À ces spectateurs-là, il fallait donner des choses simples ; du rire ; ou de l’action ; ou du rêve. Et surtout de charmants jeunes gens, belles filles et beaux garçons, dont le cheptel était aussi peu rare qu’aujourd’hui. En mixant tous ces ingrédients, on arrivait à quelque chose ; et en plus, on pouvait ajouter ici et là des épices. Dans Manina, la fille sans voile, on en a deux pour le prix d’un : d’une part la beauté de la Corse, d’autre part, l’exploration sous-marine.
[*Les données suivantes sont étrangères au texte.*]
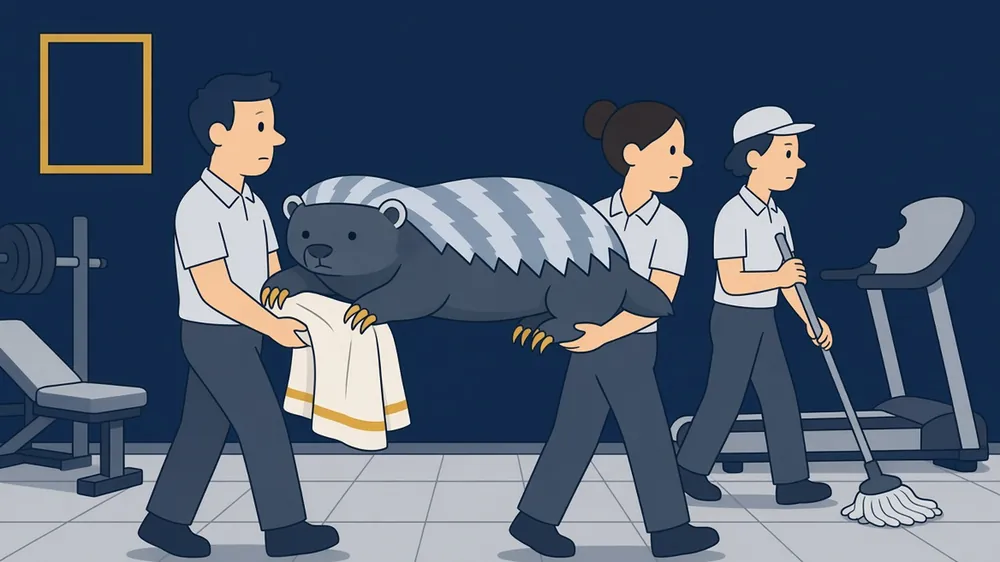 Two gym staff carrying a calm honey badger out of a gym sideways, like a rolled-up carpet. He is holding a stolen towel. A cleaner with a mop follows, and a treadmill behind them has a bite taken out of its handle.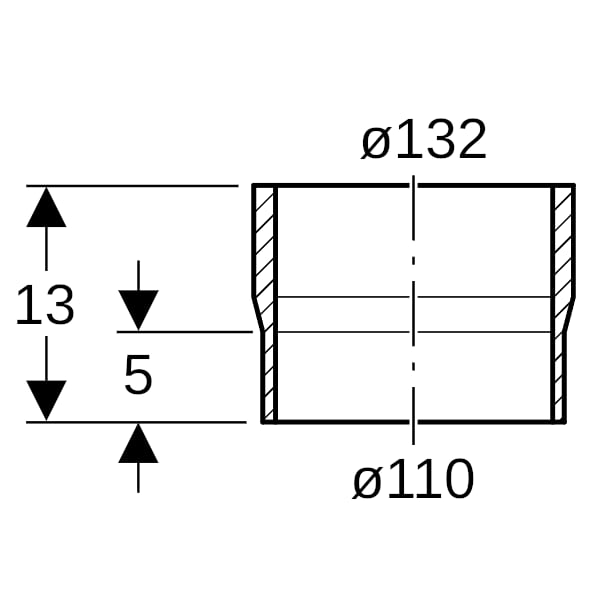 Geberit PE Übergangsstutzen d110/132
Quatre années avant Le monde du silence de Jacques-Yves Cousteau (et de Louis Malle), le parigot ou le banlieusard qui n’avait jamais vu la mer qu’à Étretat ou à Dieppe découvrait la somptuosité bizarre des fonds méditerranéens, les algues, les coraux, les poissons indifférents (qu’on pêchait alors sans contrainte ni limite).
Et lorsqu’on pouvait aussi découvrir (ah ah ah) un beau brin de fille, qui tournait là son deuxième film (après Le trou normand) et son premier en tête d’affiche, avant de devenir une étoile mondiale. Une étoile qui ne brillera qu’une vingtaine d’années (mais avec un éclat inaccessible aux actrices d’aujourd’hui) et dont le dernier film (L’Histoire très bonne et très joyeuse de Colinot trousse-chemise de Nina Companeez) est sorti en 1973, soit près d’un demi-siècle. C’est à des prises de conscience de ce type qu’on se rend compte que le temps passe, non ?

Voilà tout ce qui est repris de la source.